### EXERCISE INPUT
==========
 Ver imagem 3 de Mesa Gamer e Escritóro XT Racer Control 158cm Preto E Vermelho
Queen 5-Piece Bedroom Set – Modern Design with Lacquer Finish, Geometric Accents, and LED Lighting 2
==========
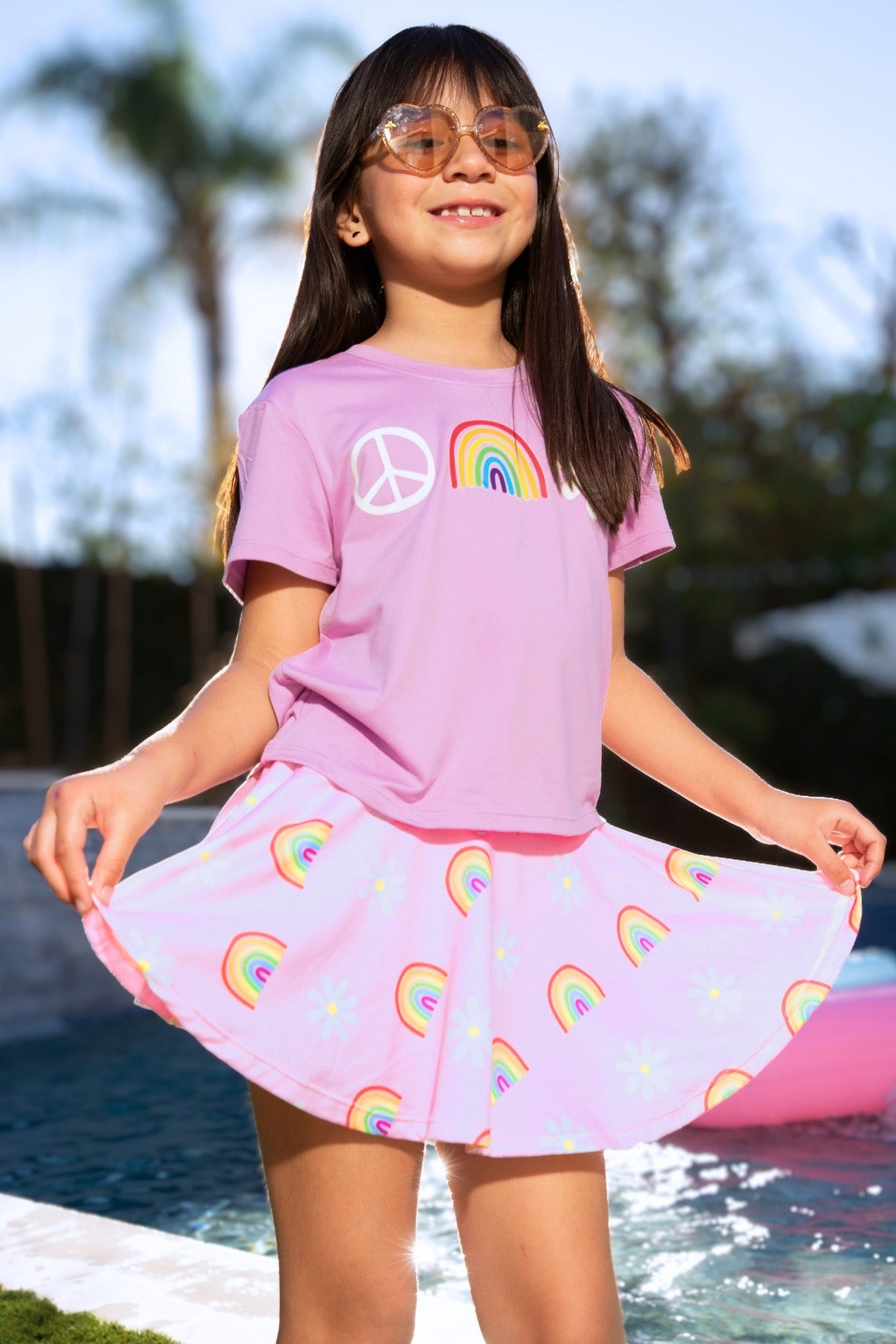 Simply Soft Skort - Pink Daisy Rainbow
==========
### AIM OF THE TASK
Among the records above, only the lines between the line holding "Ver imagem 3" and the line holding "Queen 5-Piece Bedroom", inclusive, are to be output, exactly as written.

### RESPONSE TO THIS TASK
 Ver imagem 3 de Mesa Gamer e Escritóro XT Racer Control 158cm Preto E Vermelho
Queen 5-Piece Bedroom Set – Modern Design with Lacquer Finish, Geometric Accents, and LED Lighting 2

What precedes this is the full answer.